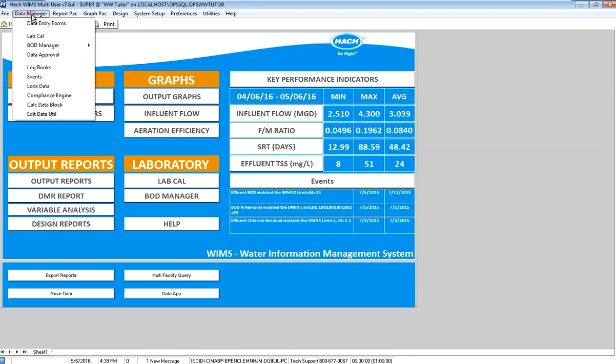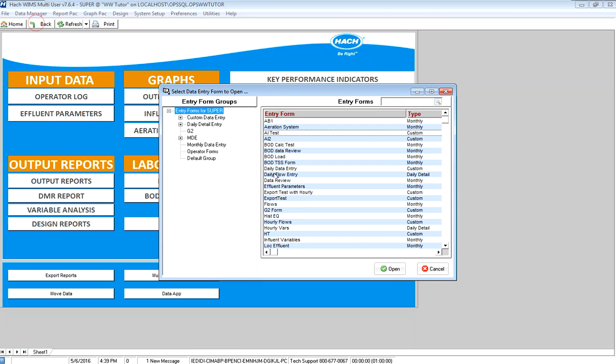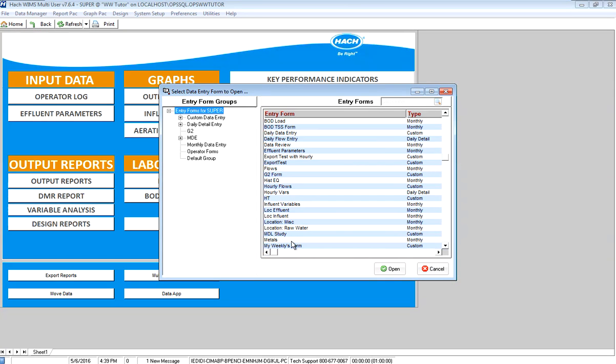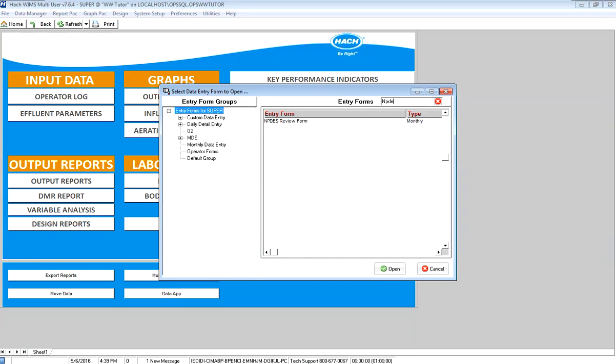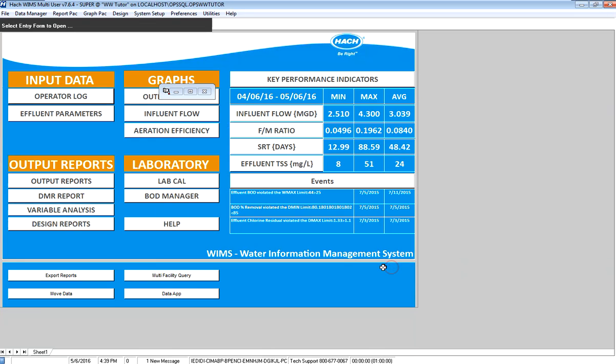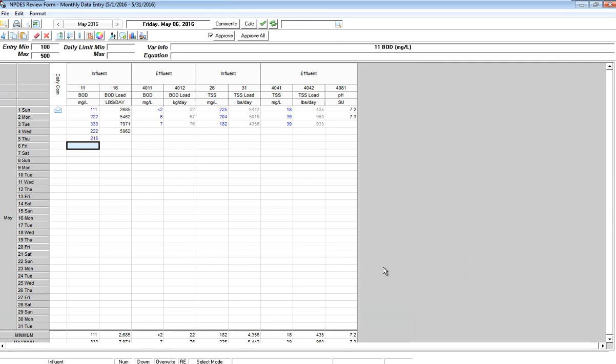I'm going to go to Data Manager, Data Entry Forms. I have a form called NPDES Review Form. I'll use my quick filter to find it and open that form up. Here I have a form that shows me the parameters on my DMR report: Influent and Effluent BOD, TSS, and then my pH.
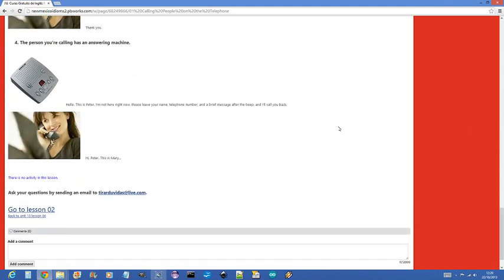4. The person you're calling has an answering machine. Hello? This is Peter. I am not here right now. Please leave your name, telephone number, and a brief message after the beep, and I will call you back. Hi Peter. This is Mary. Bye.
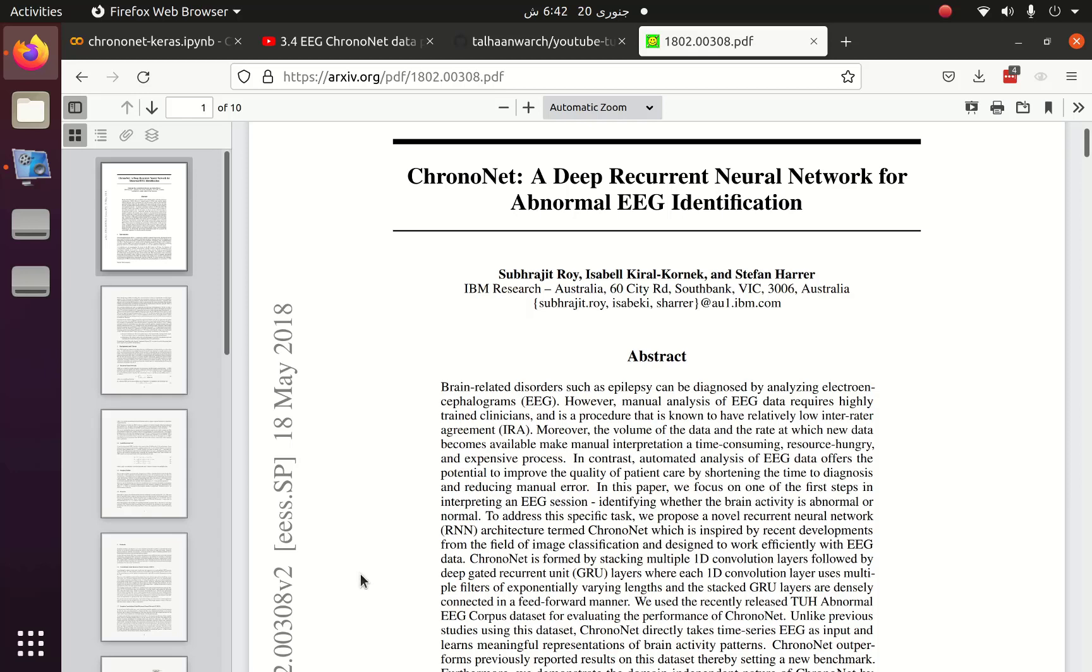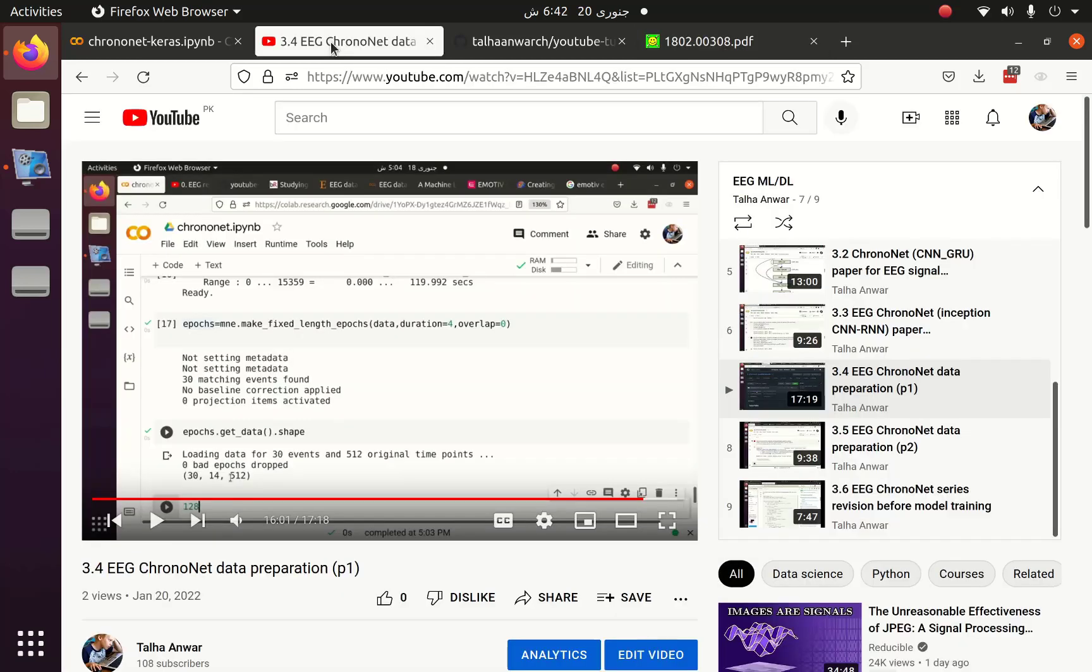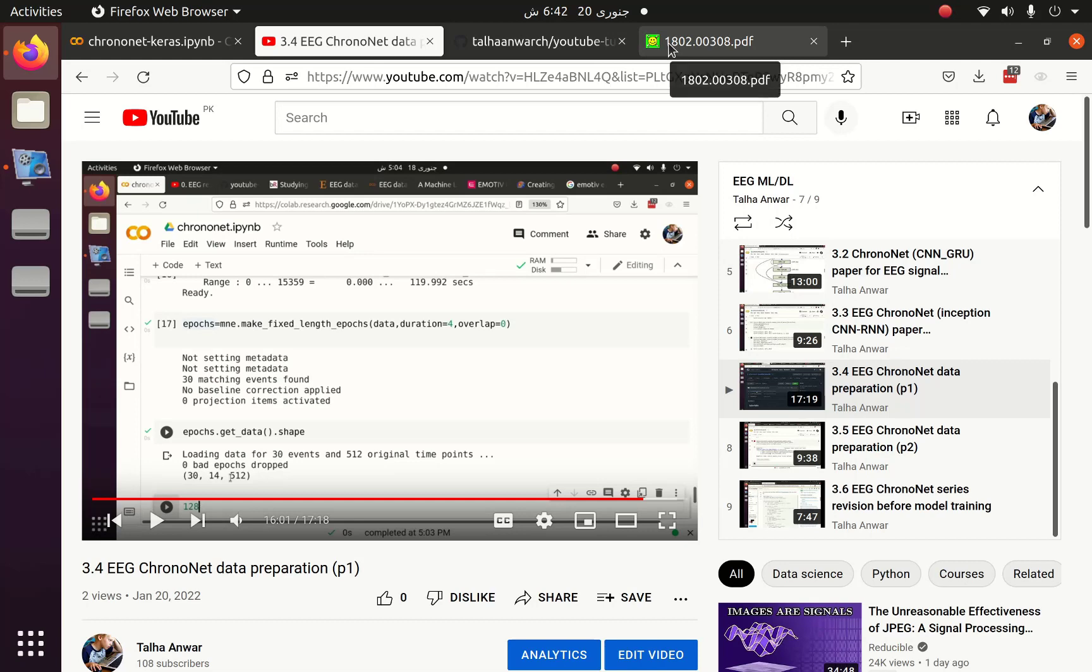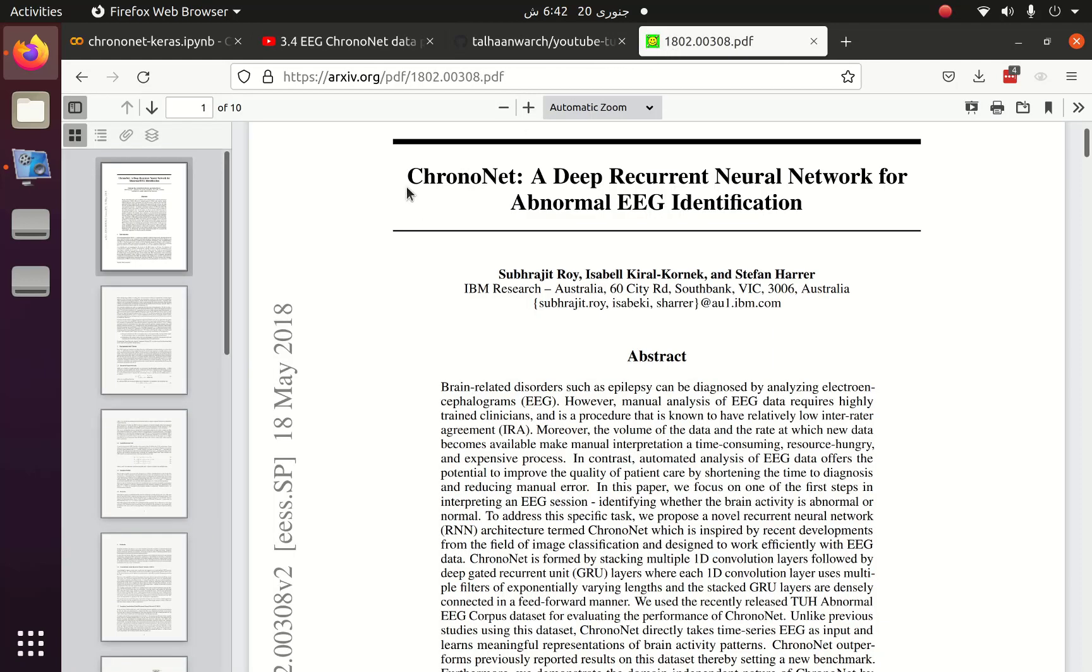Greetings everyone, welcome to part 4 of the EEG MLDL playlist which you can see here. In this part we are going to see how we can implement ChronoNet, a deep recurrent neural network for abnormal EEG identification.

-------------------------

- _TO DO_
Give the data above again in full and unchanged, skipping the pictures.

- _RESPONSE TO THE EXERCISE_
I'm going to go to Data Manager, Data Entry Forms. I have a form called NPDES Review Form. I'll use my quick filter to find it and open that form up. Here I have a form that shows me the parameters on my DMR report: Influent and Effluent BOD, TSS, and then my pH.
4. The person you're calling has an answering machine. Hello? This is Peter. I am not here right now. Please leave your name, telephone number, and a brief message after the beep, and I will call you back. Hi Peter. This is Mary. Bye.
Greetings everyone, welcome to part 4 of the EEG MLDL playlist which you can see here. In this part we are going to see how we can implement ChronoNet, a deep recurrent neural network for abnormal EEG identification.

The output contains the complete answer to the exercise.